To date, my closest encounter with terroir in the romantic sense greeted me at the doorstep to Quintessa--a phenomenal biodynamic winery I visited in Napa Valley back in May 2009. There I raptured in the meaning of Rutherford dust. I even put a few bits of stone and earth in my shorts pocket while I gazed over vineyards in full bloom to the backdrop of valley haze and a lazy river coiling beneath the terrace on which I stood. Those rocks decorated my nightstand for a few months to come...weird, yes, but the point I'm trying to drive home is that magical moment you can experience when a wine forever imprints upon your memory, leaving behind much more than taste; but, rather the wine envelops every tangible and untangible aspect particular to that moment in time. Now, when I drink Quintessa, my mind evokes much more than flavor, but feelings and memories with greater scope than minerality and taste adjectives.
Besides this romantic side of terroir, the word itself translates to physical attributes a wine encompasses due to every external input the grapes encounter on their journey from vine to wine. This is what I want to see, and this is what I hope to deliver right here on the rolling hills in Delaplane, Virginia. This hope was realized as I spoke to Rutger de Vink on the phone for the first time.

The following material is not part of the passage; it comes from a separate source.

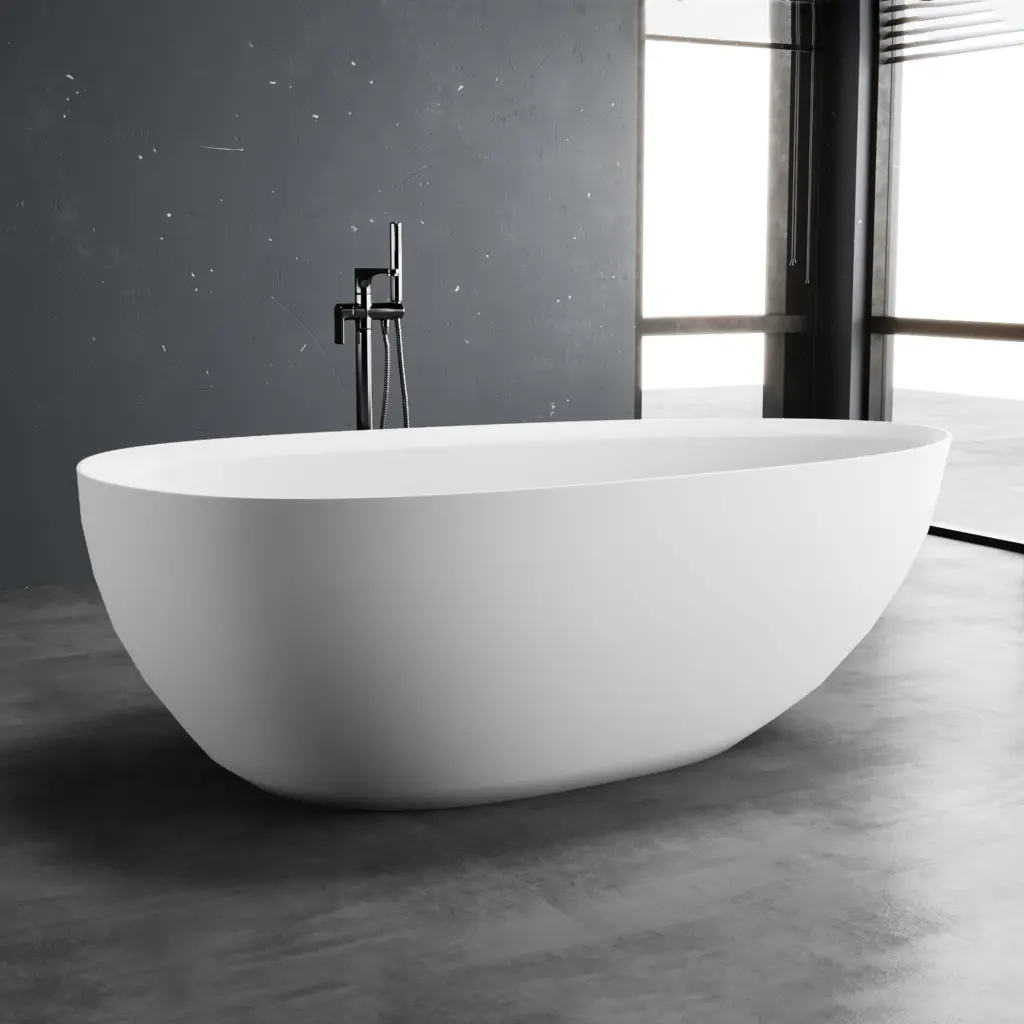 1800Mm Solid Surface Stone Soaking Tub Freestanding Bathtub Modern Bathroom vovica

Now I can say, experience Virginia’s newest winery in the limelight. Winemaking maverick, Rutger de Vink, demonstrates why he crafts Virginia’s first iconic wine. He believes the formula to making exemplary wine lies in vineyard site selection, or namely, terroir. We will travel by bus to his vineyards where de Vink will host a private seminar and blind tasting of RdV wines against globally renowned wines from noteworthy wineries in Bordeaux, Napa, Burgundy and New Zealand. Similar to the tasting Dave McIntyre described in The Washington Post with Citronelle’s Sommelier and Master of Wine, Jay Youmans, de Wink intends on replicating the same experience (http://www.rdvvineyards.com/docs/Washington-Post-3-15-11.pdf). He will then take us outside to conduct a behind-the-scenes tour of his land and winemaking facilities. The soils will be touched and talked over in order for you to experience first-hand its role in quality winemaking and how it distinguishes a wine’s pedigree. The RdV state-of-the-art facility will serve as the perfect backdrop as he reveals his story of winemaking pursuits in a state that's missed the mark on legendary winemaking. Following tour and tasting, RdV wines will be enjoyed over a gourmet lunch at the winery made with ingredients sourced from the Falls Church Farmers Market.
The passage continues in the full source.